When copying the records below, omit any image and print everything else exactly.
====================
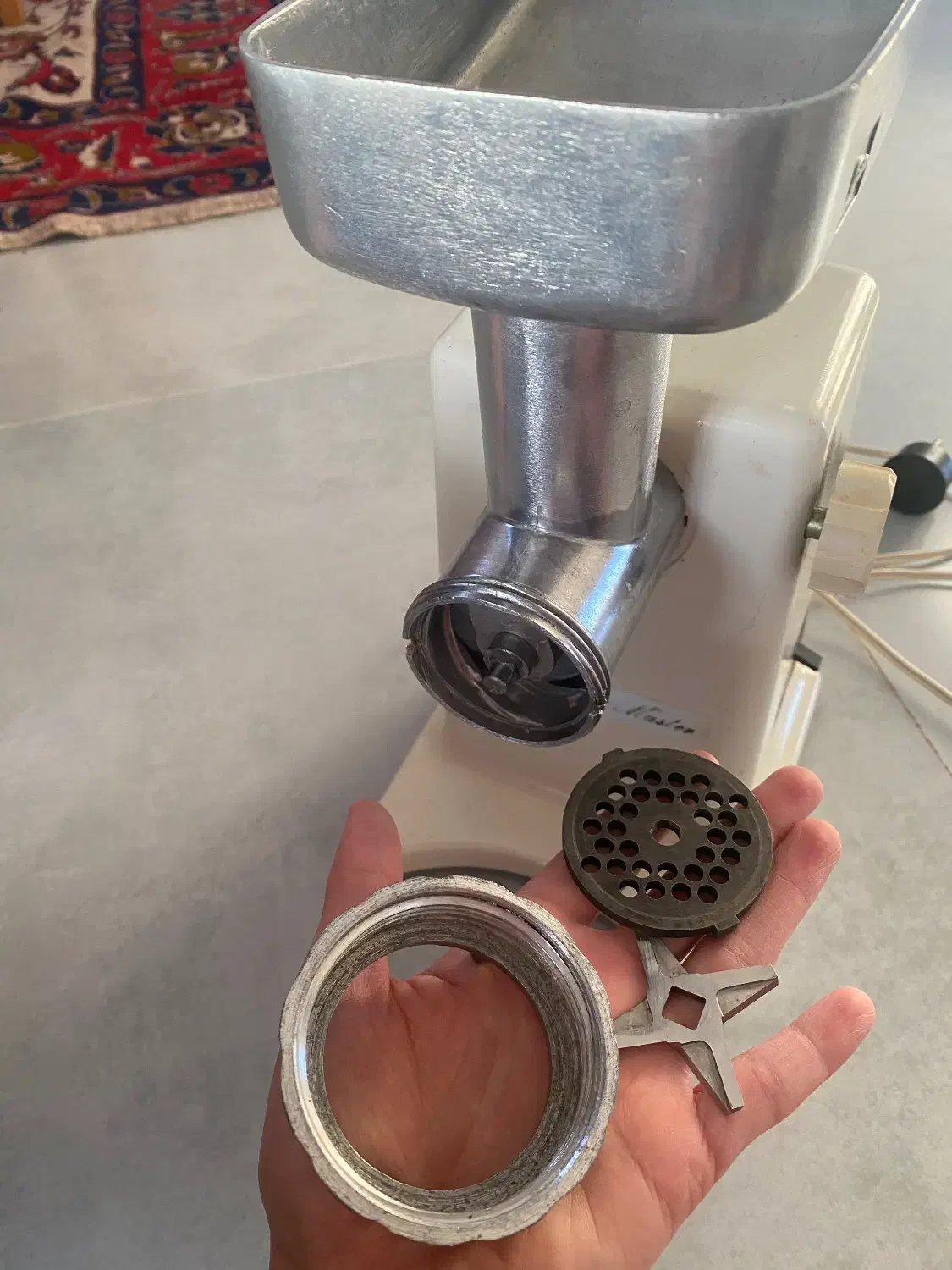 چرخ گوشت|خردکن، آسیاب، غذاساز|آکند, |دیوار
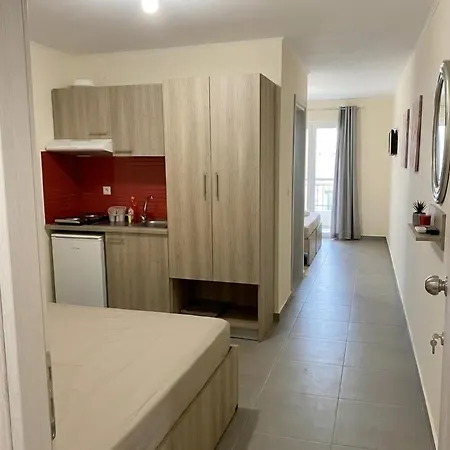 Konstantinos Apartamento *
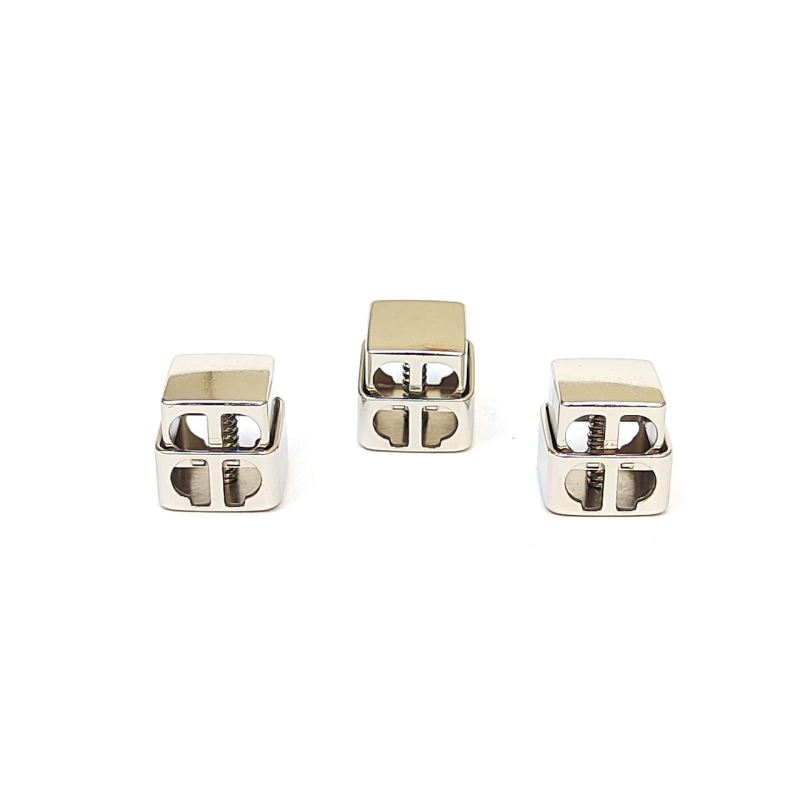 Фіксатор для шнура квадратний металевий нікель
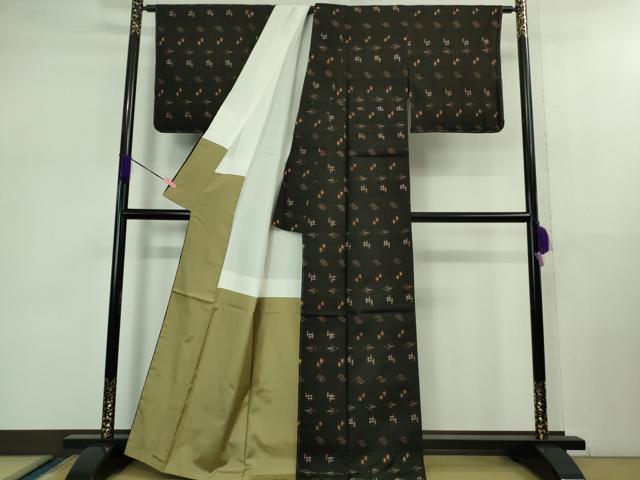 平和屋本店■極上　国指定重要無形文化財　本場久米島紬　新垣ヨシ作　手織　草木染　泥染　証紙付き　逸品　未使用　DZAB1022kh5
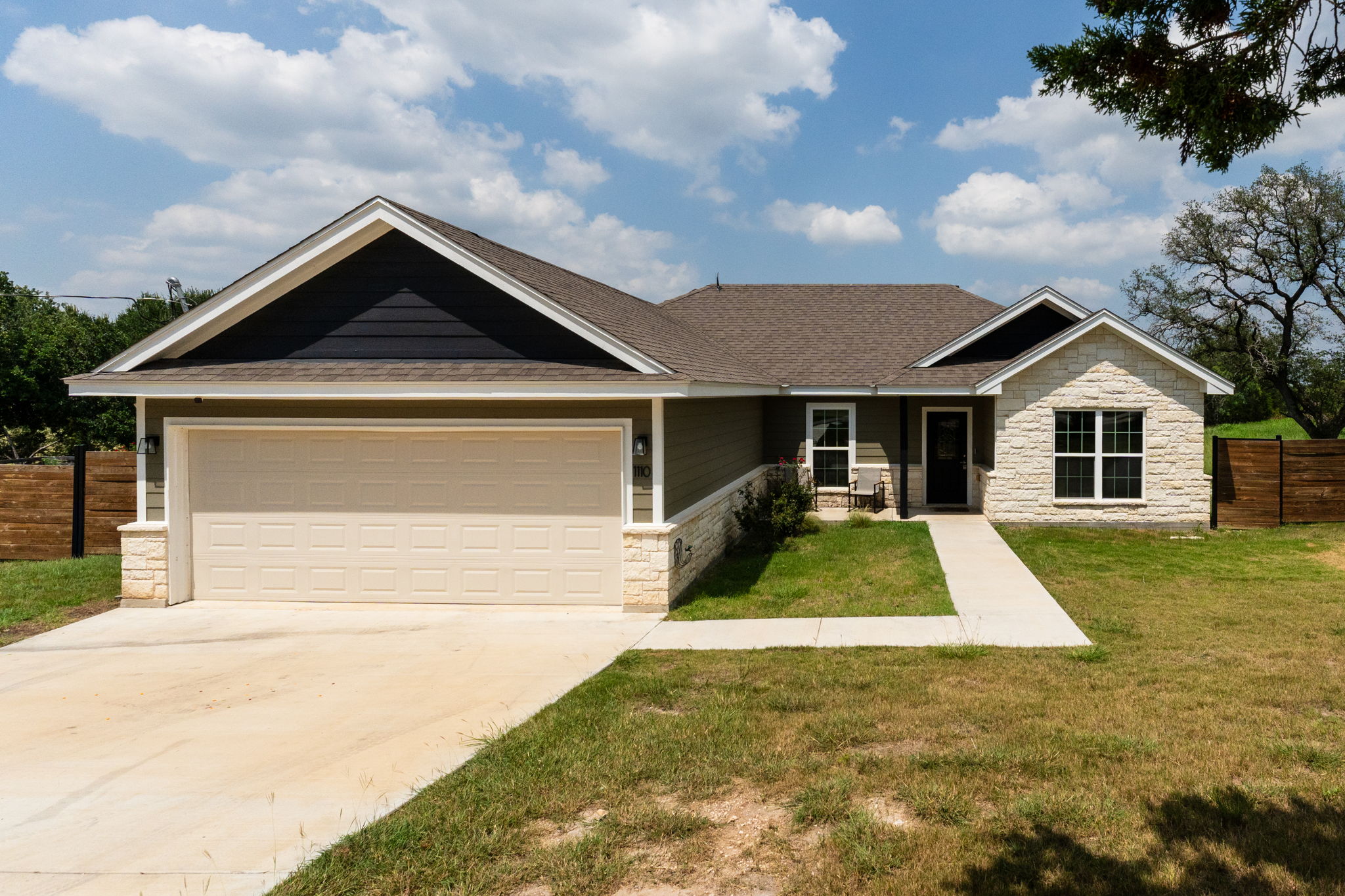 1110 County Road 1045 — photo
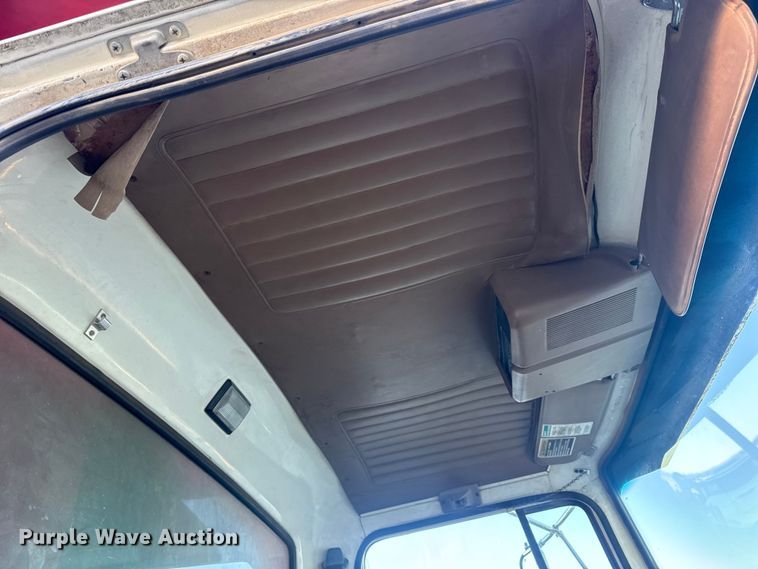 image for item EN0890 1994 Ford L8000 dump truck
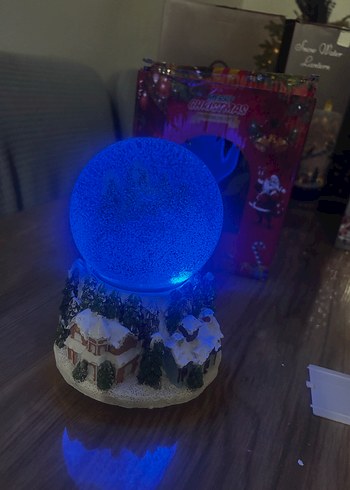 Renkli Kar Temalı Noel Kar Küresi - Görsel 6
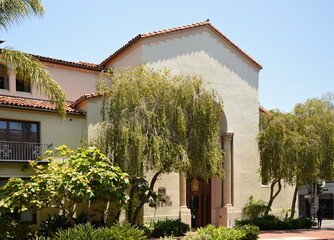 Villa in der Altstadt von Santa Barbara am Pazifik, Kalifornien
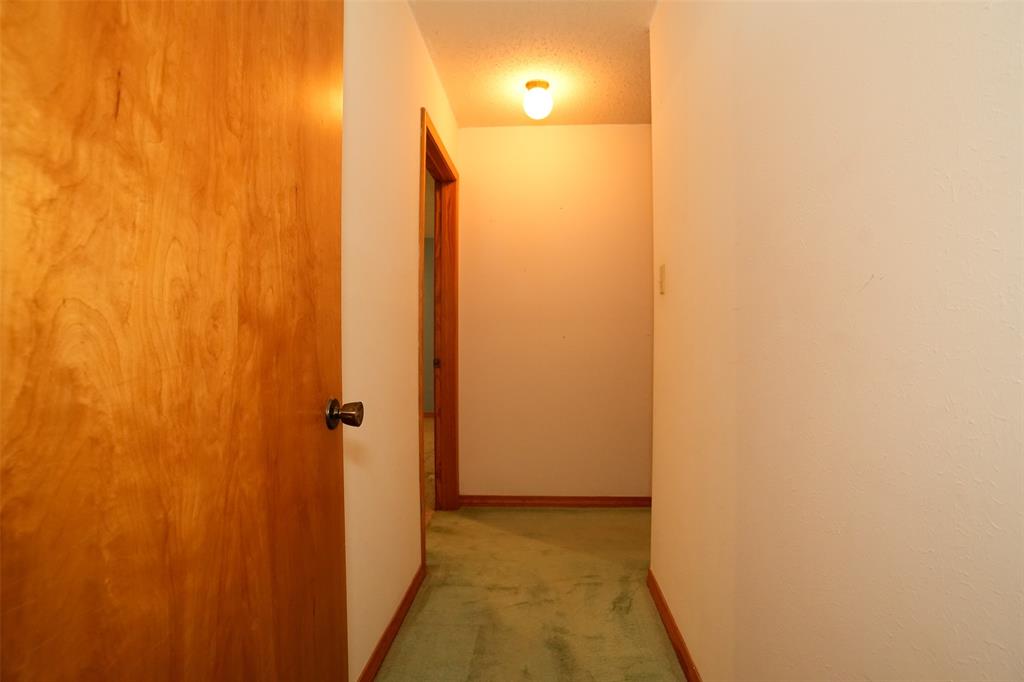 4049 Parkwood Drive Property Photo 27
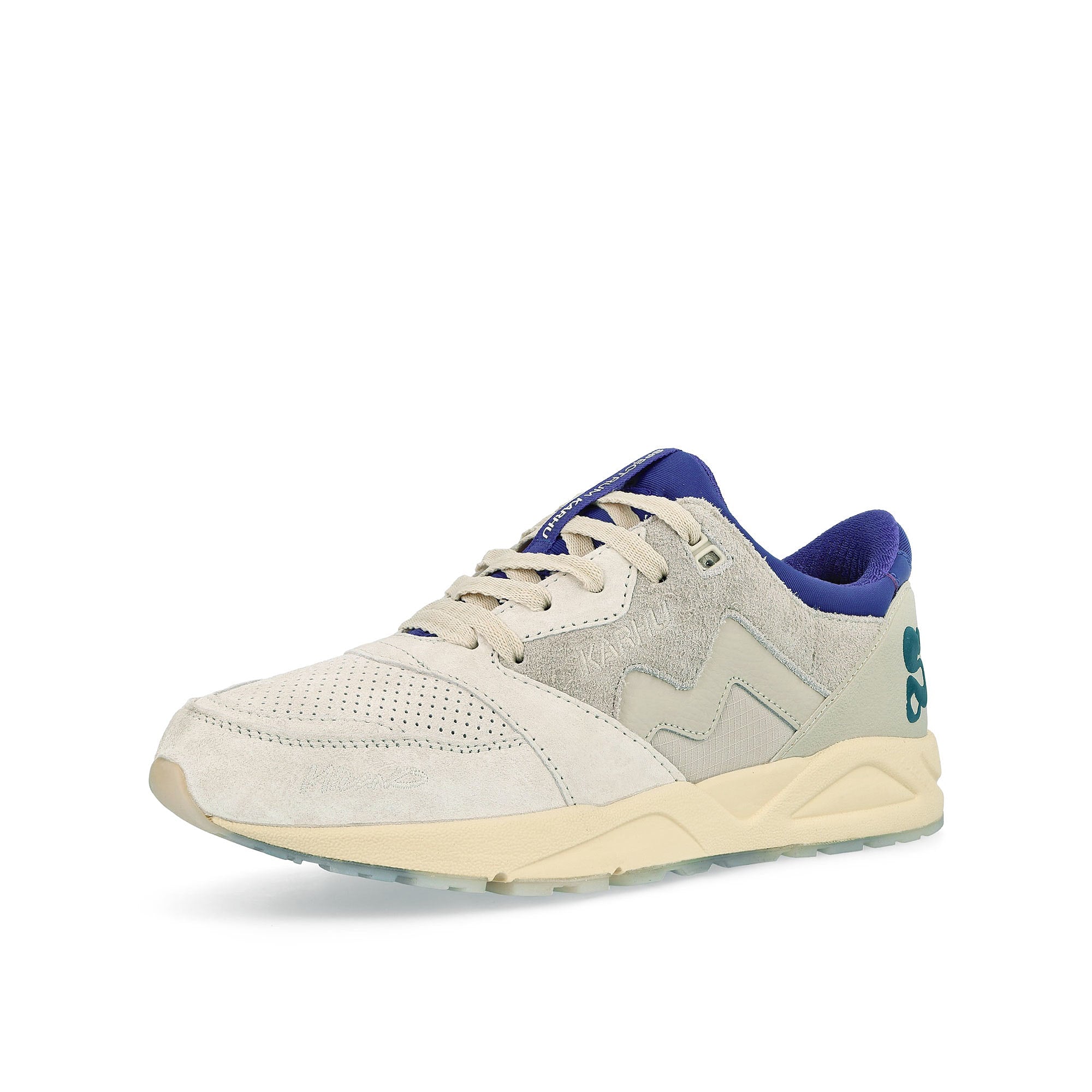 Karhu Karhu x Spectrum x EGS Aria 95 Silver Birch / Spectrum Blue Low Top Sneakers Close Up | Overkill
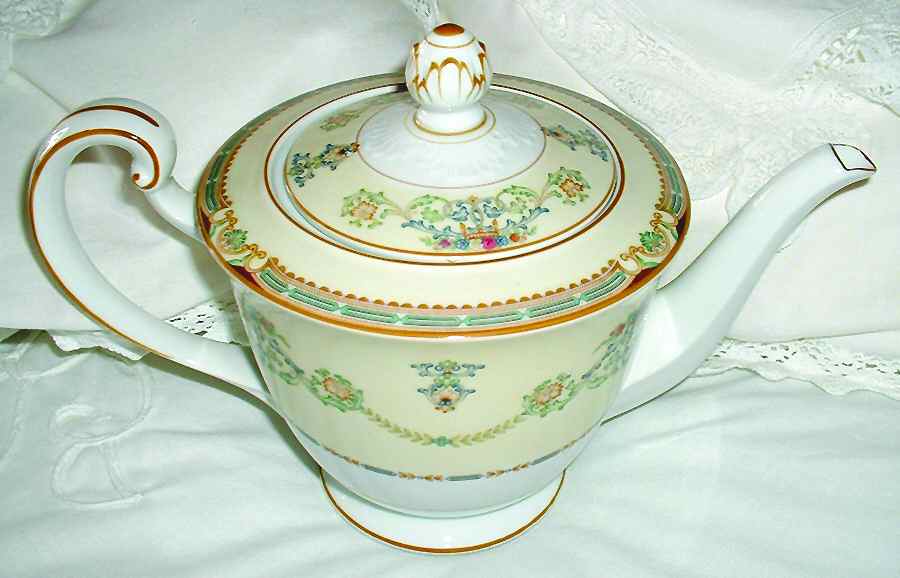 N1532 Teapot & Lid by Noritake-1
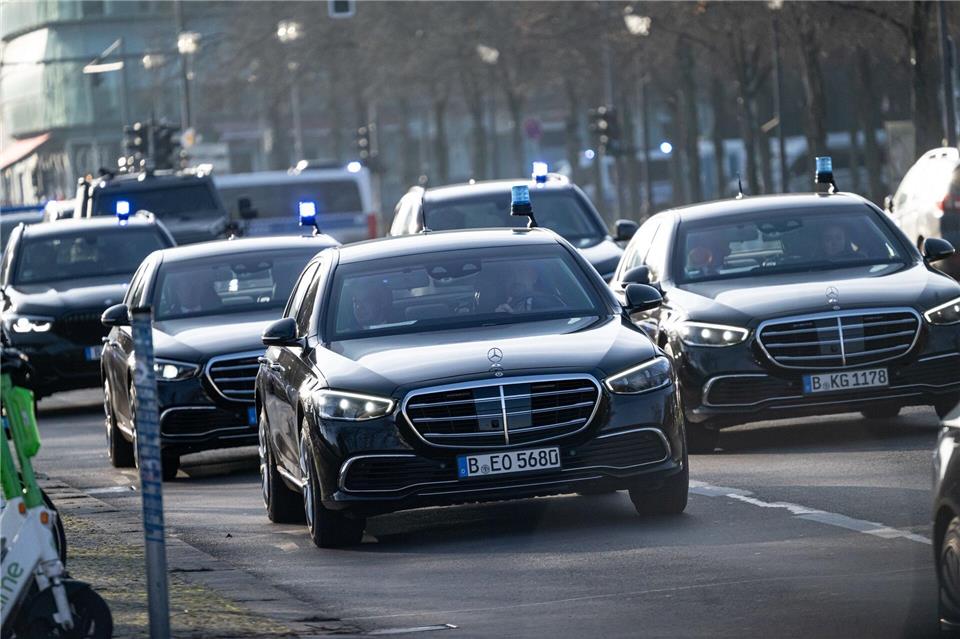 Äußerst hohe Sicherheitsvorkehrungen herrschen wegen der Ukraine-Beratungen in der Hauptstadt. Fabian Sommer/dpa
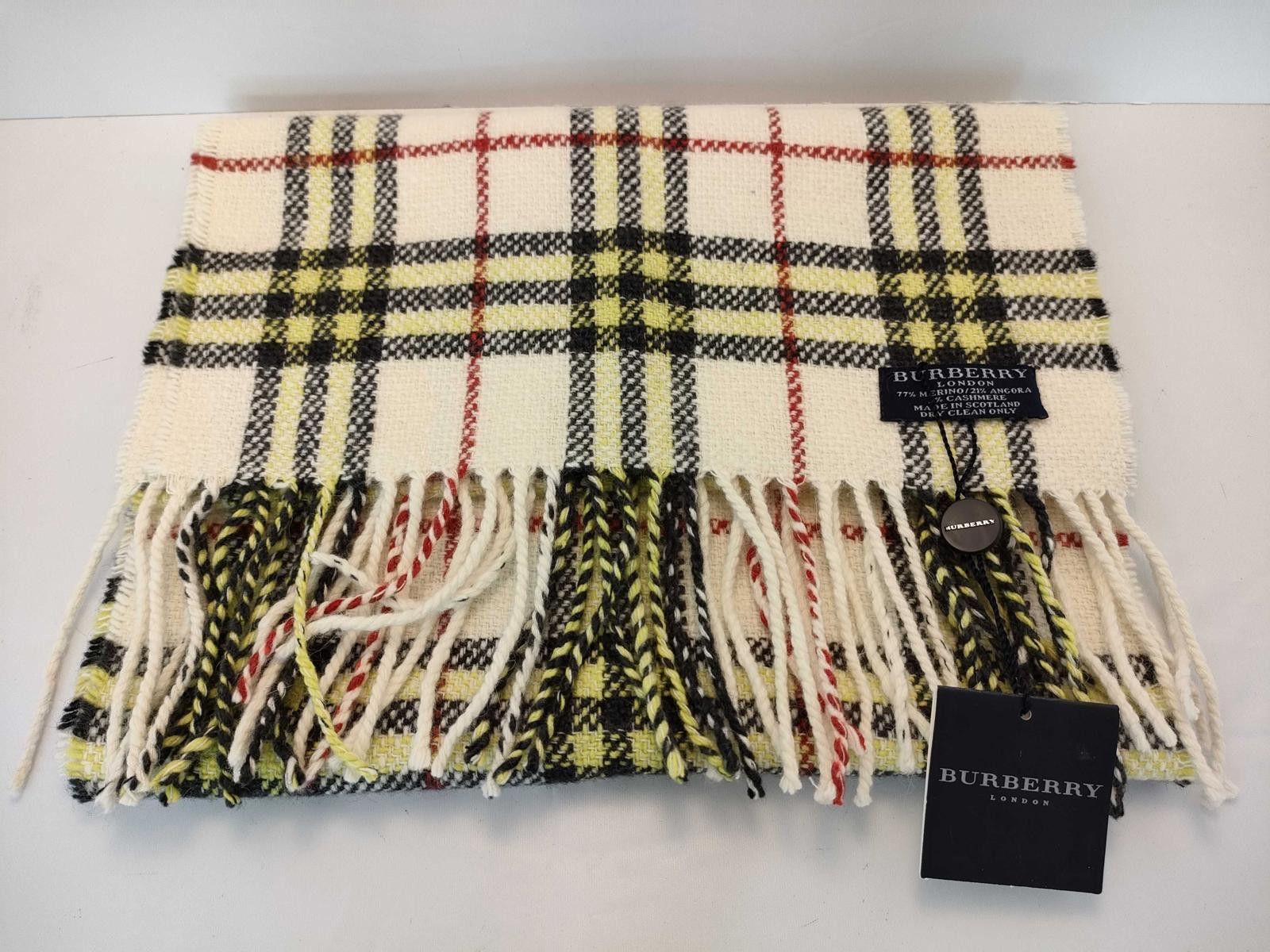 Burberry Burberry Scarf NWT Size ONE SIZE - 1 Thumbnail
====================
● RESPONSE TO THIS TASK
 چرخ گوشت|خردکن، آسیاب، غذاساز|آکند, |دیوار
 Konstantinos Apartamento *
 Фіксатор для шнура квадратний металевий нікель
 平和屋本店■極上　国指定重要無形文化財　本場久米島紬　新垣ヨシ作　手織　草木染　泥染　証紙付き　逸品　未使用　DZAB1022kh5
 1110 County Road 1045 — photo
 image for item EN0890 1994 Ford L8000 dump truck
 Renkli Kar Temalı Noel Kar Küresi - Görsel 6
 Villa in der Altstadt von Santa Barbara am Pazifik, Kalifornien
 4049 Parkwood Drive Property Photo 27
 Karhu Karhu x Spectrum x EGS Aria 95 Silver Birch / Spectrum Blue Low Top Sneakers Close Up | Overkill
 N1532 Teapot & Lid by Noritake-1
 Äußerst hohe Sicherheitsvorkehrungen herrschen wegen der Ukraine-Beratungen in der Hauptstadt. Fabian Sommer/dpa
 Burberry Burberry Scarf NWT Size ONE SIZE - 1 Thumbnail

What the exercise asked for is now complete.